Fr. Helmick predicted that Unionist Party leader David Trimble, one of the principals in the negotiations, would face "a struggle" at a party conference on the accord held this past weekend. Similarly, the IRA leadership has had to confront the defection of some rank-and-file members to splinter groups which have decried the peace process.
Assoc. Prof. Kevin O'Neill (History), Irish Studies Program co-director, agrees the fringe republican and loyalist groups represent the most dire threat - perhaps more so than before the accord.
Raymond Helmick, SJ.
"For a long, long time, there was a tacit understanding among the combatants that you don't assassinate major leaders," O'Neill said. "But this is the terrorists' last stand, and there is some genuine concern that now the leading politicians are very vulnerable."

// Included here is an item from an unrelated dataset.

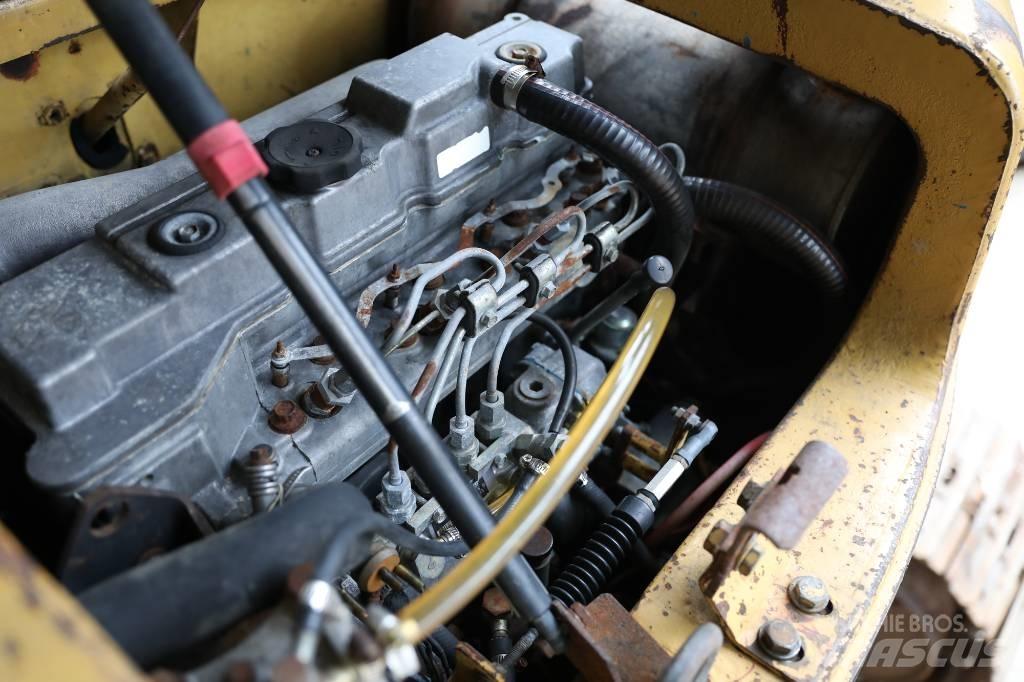CAT 308 C Midikaivukoneet 7t - 12t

O'Neill points out, however, that events may have moved beyond even the reach of desperate terrorists. "On the one hand, an assassination might cause a backlash that begins to unravel the process," he explained. "But it might have the opposite effect: People will close ranks and keep their eyes forward."
Visiting Prof. Marianne Elliott (History), a Belfast native, also describes herself as "cautiously optimistic" about the settlement. Like Fr. Helmick, she draws upon personal, direct observations of the conflict: A few years ago, she was a member of a peace commission formed to give Northern Irish citizens a forum to speak out about The Troubles.

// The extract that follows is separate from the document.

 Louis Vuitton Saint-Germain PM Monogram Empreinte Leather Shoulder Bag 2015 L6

"The sense this experience gave me is people do not want things to slide back," said Elliott, director of the University of Liverpool Institute of Irish Studies. "So it is encouraging that one could get an agreement from such divided parties, who only a few years ago wouldn't even talk to one another."
Elliot describes the May 22 referendums as "absolutely crucial," and adds that the measure of success is at a higher level for the accord.

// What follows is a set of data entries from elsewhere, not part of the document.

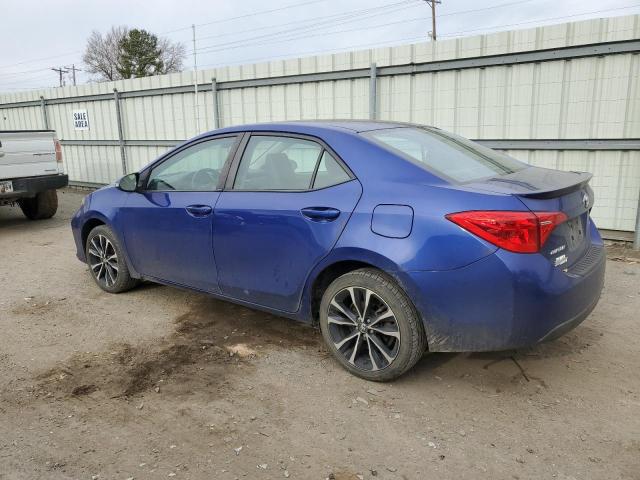 Photo 1 VIN: 5YFBURHE8KP894632 - TOYOTA COROLLA 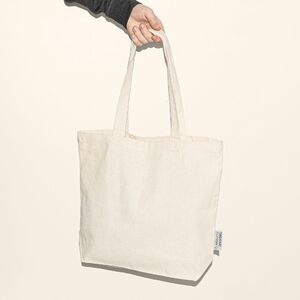 Goya 38546 - Ekologisk Bomullsväska med Långa Handtag, GOTS-certifierad FRESH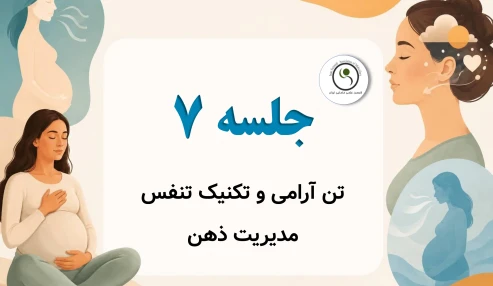 دوره 60 ساعته آمادگی برای زایمان ( زایمان فیزیولوژیک )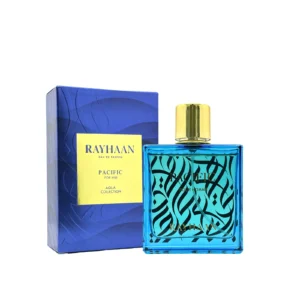Rayhaan Pacific FOR HIM Eau De Parfum, 100ml For Men Rasasi By Rayhaan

"It will take a simple majority for the agreement to pass, and it will likely be accepted in the North," she explained. "But the size of the mandate is very important. If it's less than 60 percent, that is a bad sign, because there are enough potential trouble spots ahead like the prisoner releases and decommissioning of the paramilitaries."
If true peace in Northern Ireland still lies far in the distance, Fr. Helmick and Elliott say, it is heartening to see the level of commitment demonstrated so far. They note the participation, for example, of British Prime Minister Tony Blair and Irish Prime Minister Bertie Ahern in helping the talks reach a successful conclusion.
"There is a lot of fear and stress still around," said Elliott. "Even so, we've come an awful long way."